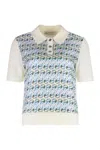 Tory Burch Knitted Wool Polo Shirt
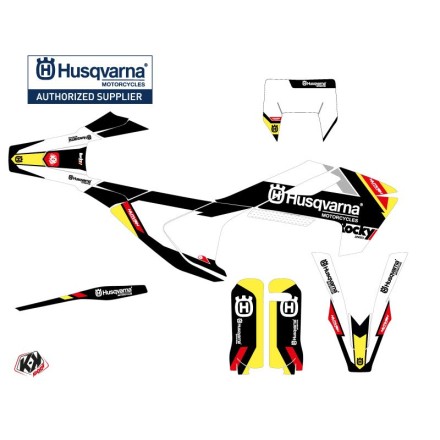 Kit Deco Moto Cross Rocky Husqvarna Te Noir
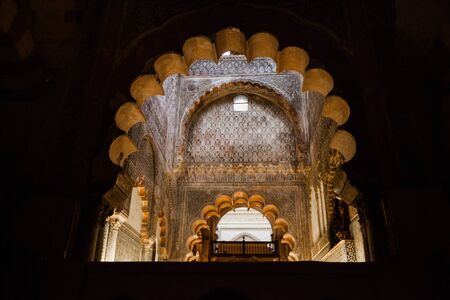 Interior view of the Mosque-Cathedral of Cordobaのeditorial素材
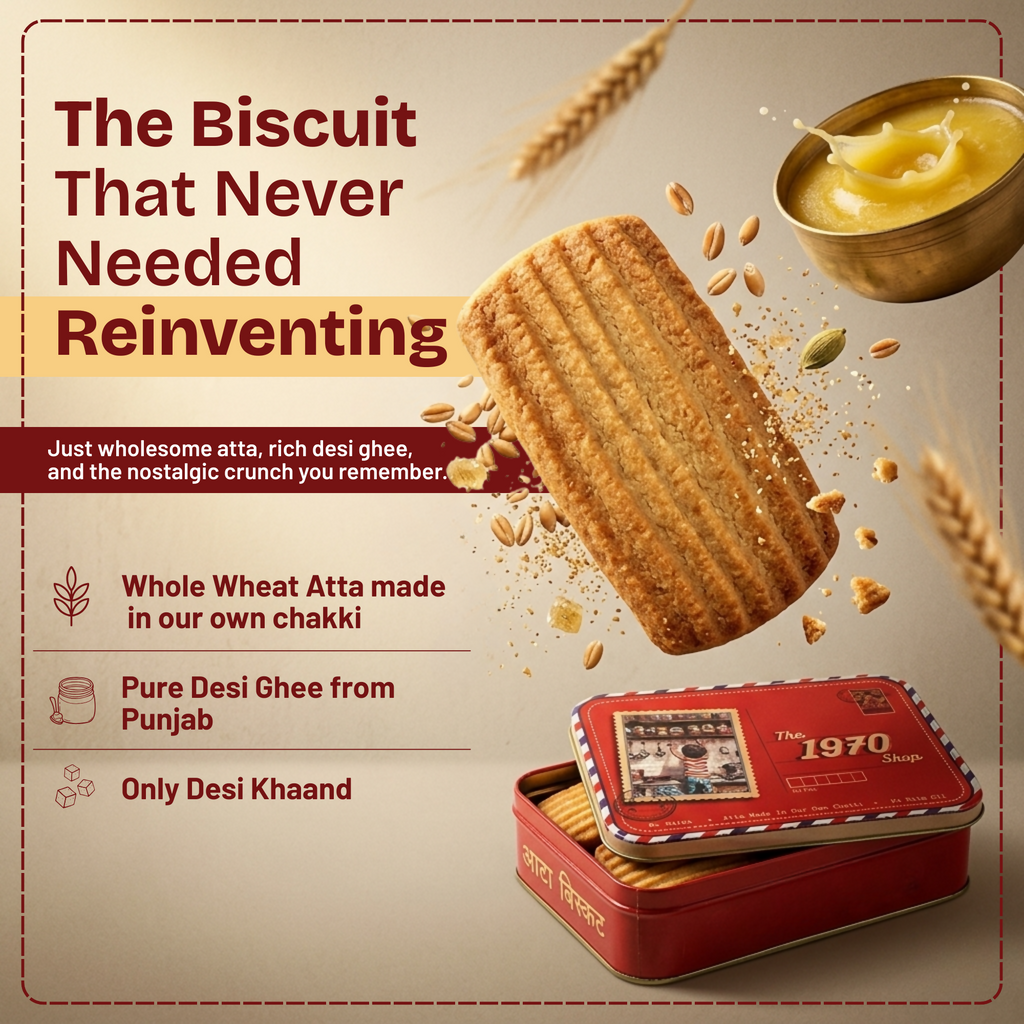 100% Atta Biscuit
□ □ □
=== PROMPT ===
The output has to match the data above line for line, except that pictures are dropped.

=== RESPONSE TO THIS TASK ===
 Tory Burch Knitted Wool Polo Shirt
 Kit Deco Moto Cross Rocky Husqvarna Te Noir
 Interior view of the Mosque-Cathedral of Cordobaのeditorial素材
 100% Atta Biscuit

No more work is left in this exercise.